September 30, 2021 — A few hundred yards south of the fishing boat docks at the Port of New Bedford in southeastern Massachusetts, workers will soon start offloading gigantic turbine components onto a wide expanse of gravel. Local trawlers and lobster boats will find themselves sharing their waterways with huge vessels hefting cranes and massive hydraulic jacks. And on an approximately 100-square mile patch of open sea that fishermen once traversed with ease, 62 of the world’s largest wind turbines will rise one by one over the ocean waves.
Known as Vineyard Wind, the project is set to be the first-ever commercial-scale offshore wind farm in the United States, generating 800 megawatts of power, or enough to power about 400,000 homes. Dozens of other offshore wind projects are in development up and down America’s east coast. But some in the fishing industry, including many New Bedford fishermen, are concerned that the turbines will upend their way of life.
Earlier this month, a coalition of fishing industry associations and fishing outfits, including 50 New Bedford fishing boats, filed a lawsuit against several U.S. agencies, including the Bureau of Ocean Energy Management (BOEM), which approved Vineyard Wind in May, alleging that they violated federal law in allowing the project to go forward. The fishing groups frame that fight as a matter of survival, a last ditch effort to slow down a coalition of banks, technocrats and global energy companies set on erecting multi-billion dollar projects that they worry could devastate their livelihoods.

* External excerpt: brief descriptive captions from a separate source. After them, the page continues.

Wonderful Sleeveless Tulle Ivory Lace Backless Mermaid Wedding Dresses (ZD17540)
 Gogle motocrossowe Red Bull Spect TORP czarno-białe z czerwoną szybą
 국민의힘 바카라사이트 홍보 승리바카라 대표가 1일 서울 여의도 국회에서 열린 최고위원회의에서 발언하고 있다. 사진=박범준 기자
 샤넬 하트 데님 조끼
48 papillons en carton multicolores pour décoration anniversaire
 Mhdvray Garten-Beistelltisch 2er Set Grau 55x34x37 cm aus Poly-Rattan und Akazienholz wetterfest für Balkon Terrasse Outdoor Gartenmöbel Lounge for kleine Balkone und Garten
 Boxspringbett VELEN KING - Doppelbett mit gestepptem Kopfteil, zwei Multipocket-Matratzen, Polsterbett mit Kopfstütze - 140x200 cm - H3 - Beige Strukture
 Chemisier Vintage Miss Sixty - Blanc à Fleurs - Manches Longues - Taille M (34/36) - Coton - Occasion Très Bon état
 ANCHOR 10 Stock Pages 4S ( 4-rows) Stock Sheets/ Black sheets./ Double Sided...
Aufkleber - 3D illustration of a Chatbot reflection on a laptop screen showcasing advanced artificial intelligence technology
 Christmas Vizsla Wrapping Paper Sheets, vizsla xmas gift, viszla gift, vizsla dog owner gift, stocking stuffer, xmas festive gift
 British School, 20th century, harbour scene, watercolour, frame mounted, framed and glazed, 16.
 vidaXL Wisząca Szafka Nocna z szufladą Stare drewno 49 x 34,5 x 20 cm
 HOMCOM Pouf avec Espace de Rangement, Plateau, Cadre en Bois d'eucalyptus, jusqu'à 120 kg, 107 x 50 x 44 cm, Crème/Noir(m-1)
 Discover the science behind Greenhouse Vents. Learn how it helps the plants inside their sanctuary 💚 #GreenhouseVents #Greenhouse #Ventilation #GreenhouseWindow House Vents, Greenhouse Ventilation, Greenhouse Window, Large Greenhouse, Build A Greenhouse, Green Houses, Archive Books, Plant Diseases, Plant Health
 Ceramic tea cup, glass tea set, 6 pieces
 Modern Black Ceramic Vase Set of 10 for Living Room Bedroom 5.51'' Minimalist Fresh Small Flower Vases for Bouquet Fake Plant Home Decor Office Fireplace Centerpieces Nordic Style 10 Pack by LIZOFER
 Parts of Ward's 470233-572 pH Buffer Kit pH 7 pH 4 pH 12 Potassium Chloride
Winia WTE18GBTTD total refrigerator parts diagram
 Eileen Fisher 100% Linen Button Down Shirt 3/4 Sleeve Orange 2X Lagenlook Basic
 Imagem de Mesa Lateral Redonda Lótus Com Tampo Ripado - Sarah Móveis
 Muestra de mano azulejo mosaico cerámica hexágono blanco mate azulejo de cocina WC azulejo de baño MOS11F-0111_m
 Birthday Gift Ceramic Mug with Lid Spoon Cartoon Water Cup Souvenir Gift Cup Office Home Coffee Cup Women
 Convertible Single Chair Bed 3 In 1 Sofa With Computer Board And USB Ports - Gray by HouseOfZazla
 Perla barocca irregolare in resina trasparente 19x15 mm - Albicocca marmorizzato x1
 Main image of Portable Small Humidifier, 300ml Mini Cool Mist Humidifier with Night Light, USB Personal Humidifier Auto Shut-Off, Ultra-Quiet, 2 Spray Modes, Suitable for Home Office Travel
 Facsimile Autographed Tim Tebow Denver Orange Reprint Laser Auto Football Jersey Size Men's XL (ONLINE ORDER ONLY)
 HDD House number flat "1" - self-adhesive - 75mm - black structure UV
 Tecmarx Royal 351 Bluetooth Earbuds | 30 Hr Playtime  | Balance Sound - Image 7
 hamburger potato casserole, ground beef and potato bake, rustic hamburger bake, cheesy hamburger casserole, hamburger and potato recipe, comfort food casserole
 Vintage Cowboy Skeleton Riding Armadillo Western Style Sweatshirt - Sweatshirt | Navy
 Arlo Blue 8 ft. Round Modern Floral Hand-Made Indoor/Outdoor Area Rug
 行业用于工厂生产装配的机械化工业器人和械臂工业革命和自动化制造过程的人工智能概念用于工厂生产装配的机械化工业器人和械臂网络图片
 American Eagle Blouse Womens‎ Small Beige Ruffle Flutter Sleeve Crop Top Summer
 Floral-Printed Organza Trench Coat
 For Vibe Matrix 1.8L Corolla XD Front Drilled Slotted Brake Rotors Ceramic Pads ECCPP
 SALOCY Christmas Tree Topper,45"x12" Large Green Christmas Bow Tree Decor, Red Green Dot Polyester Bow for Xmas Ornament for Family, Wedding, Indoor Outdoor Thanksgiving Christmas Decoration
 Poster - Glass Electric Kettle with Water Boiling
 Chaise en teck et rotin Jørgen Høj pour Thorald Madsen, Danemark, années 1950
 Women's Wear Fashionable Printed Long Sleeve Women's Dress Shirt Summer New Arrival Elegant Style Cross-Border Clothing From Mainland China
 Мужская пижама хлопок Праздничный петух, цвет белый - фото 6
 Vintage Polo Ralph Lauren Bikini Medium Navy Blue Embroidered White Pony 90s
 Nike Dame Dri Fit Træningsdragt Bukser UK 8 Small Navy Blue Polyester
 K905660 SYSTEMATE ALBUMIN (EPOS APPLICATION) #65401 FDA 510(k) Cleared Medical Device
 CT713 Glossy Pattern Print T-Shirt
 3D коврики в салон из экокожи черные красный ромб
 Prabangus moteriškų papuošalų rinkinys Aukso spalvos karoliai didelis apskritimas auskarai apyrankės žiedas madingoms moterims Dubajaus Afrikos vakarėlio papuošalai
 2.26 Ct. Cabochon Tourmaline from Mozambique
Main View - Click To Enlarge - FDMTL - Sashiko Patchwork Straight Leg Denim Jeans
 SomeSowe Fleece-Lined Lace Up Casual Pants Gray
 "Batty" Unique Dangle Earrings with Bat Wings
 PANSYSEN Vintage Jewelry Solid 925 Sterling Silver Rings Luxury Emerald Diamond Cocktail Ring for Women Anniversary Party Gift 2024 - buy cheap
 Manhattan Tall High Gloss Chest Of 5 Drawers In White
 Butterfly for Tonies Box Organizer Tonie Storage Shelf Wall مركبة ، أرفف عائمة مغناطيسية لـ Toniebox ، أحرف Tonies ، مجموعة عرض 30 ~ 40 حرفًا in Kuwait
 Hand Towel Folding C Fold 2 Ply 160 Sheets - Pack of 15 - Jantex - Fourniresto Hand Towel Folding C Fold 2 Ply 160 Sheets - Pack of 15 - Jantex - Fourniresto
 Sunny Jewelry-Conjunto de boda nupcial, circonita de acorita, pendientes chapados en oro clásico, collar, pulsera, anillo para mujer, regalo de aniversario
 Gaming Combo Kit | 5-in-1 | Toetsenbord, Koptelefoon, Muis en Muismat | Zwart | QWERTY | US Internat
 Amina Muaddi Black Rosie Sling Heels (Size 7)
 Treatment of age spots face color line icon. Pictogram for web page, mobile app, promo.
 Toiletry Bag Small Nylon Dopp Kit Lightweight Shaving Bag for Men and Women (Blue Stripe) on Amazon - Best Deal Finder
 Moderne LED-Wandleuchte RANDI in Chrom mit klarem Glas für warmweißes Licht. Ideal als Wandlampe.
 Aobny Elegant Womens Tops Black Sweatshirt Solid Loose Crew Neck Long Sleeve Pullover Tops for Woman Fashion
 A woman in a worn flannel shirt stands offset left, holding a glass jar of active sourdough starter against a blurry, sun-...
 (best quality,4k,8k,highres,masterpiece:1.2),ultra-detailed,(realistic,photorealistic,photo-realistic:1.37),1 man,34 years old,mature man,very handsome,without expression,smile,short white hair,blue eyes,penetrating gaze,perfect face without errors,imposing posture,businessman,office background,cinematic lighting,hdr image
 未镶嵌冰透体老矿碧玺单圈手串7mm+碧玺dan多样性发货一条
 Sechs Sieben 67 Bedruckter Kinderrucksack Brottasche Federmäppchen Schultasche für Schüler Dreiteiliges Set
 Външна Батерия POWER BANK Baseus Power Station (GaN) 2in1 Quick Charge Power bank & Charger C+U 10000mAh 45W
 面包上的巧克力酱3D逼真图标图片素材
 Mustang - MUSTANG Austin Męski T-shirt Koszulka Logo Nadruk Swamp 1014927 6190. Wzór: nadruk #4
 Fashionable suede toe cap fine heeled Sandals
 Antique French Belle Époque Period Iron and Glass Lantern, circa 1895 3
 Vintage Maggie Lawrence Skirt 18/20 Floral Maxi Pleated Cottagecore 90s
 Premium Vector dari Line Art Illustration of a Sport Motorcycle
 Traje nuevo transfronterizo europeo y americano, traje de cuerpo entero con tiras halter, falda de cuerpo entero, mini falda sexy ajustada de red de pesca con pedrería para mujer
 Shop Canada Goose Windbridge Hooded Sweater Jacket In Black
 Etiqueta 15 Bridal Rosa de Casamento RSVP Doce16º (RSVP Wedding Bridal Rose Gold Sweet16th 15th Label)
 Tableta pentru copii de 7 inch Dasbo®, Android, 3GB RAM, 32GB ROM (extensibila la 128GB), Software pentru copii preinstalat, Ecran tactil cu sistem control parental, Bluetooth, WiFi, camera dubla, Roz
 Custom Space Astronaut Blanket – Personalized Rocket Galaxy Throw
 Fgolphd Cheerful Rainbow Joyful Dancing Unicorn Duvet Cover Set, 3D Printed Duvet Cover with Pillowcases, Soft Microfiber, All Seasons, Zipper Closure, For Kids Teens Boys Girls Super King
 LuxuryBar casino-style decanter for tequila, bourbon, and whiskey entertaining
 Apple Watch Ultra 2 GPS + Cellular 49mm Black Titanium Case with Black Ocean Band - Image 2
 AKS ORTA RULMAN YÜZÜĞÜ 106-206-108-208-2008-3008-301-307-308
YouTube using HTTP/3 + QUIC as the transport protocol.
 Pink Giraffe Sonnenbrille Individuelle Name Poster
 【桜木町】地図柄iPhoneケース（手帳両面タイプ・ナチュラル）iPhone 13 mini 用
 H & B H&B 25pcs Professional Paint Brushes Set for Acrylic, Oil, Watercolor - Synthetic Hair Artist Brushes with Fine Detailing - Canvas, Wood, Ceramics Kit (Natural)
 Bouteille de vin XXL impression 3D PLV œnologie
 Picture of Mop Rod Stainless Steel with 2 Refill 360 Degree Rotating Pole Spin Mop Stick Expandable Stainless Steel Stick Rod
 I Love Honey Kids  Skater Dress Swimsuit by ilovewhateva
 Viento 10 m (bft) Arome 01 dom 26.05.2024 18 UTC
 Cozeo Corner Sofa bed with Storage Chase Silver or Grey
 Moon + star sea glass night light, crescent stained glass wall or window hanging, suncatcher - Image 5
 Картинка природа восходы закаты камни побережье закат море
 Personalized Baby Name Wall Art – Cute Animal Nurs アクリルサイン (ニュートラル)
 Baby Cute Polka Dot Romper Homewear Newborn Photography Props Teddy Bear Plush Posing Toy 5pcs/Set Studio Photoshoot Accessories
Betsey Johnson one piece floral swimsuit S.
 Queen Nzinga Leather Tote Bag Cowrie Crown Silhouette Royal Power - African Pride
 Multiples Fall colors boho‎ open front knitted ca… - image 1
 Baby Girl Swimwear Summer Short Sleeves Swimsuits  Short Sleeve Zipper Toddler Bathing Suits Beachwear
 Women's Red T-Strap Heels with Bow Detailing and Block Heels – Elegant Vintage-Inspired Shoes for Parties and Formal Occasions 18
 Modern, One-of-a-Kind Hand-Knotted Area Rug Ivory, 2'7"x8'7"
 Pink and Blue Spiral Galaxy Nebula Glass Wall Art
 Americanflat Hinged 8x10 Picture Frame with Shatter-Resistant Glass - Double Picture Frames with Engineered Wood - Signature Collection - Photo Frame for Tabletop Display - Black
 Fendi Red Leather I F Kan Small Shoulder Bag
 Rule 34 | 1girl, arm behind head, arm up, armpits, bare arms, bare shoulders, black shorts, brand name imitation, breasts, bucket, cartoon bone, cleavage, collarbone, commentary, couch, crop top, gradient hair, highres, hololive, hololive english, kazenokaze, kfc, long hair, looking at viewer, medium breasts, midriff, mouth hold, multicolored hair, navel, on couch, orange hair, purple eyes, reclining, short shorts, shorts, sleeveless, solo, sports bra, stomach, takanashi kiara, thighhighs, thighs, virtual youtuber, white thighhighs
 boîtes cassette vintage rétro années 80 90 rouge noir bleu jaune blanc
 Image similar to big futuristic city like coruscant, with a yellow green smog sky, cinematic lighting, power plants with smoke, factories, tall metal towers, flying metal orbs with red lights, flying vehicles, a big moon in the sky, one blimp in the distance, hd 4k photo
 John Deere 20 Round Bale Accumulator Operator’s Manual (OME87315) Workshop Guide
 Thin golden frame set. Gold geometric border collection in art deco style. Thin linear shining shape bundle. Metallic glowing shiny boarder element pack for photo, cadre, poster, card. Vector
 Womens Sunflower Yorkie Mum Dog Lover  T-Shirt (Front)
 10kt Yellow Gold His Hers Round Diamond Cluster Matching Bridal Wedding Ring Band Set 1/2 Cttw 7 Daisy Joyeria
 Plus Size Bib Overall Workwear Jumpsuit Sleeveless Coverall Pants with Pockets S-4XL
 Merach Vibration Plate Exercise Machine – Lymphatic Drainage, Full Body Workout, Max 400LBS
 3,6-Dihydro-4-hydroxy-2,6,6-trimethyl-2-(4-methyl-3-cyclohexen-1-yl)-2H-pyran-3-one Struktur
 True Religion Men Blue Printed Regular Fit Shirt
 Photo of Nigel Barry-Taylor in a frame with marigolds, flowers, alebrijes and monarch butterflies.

Money is certainly a big issue for many of those behind Vineyard Wind—backers like Bank of America and J.P. Morgan have pledged about $2.3 billion in funding for the project, and they’re looking for returns on that investment. But there’s also a societal imperative to push ahead with such projects, with many green energy proponents saying there is little choice but to get offshore turbines built as soon as possible if the U.S. is to have any chance of meeting its obligations under the Paris Agreement and averting the worst effects of climate change. The Biden Administration is counting on such turbines to produce about 10% of U.S. electricity by 2050, and in coastal, population dense states like Massachusetts and New York, leaders view sea-bound wind farms as a lynchpin of their net zero ambitions.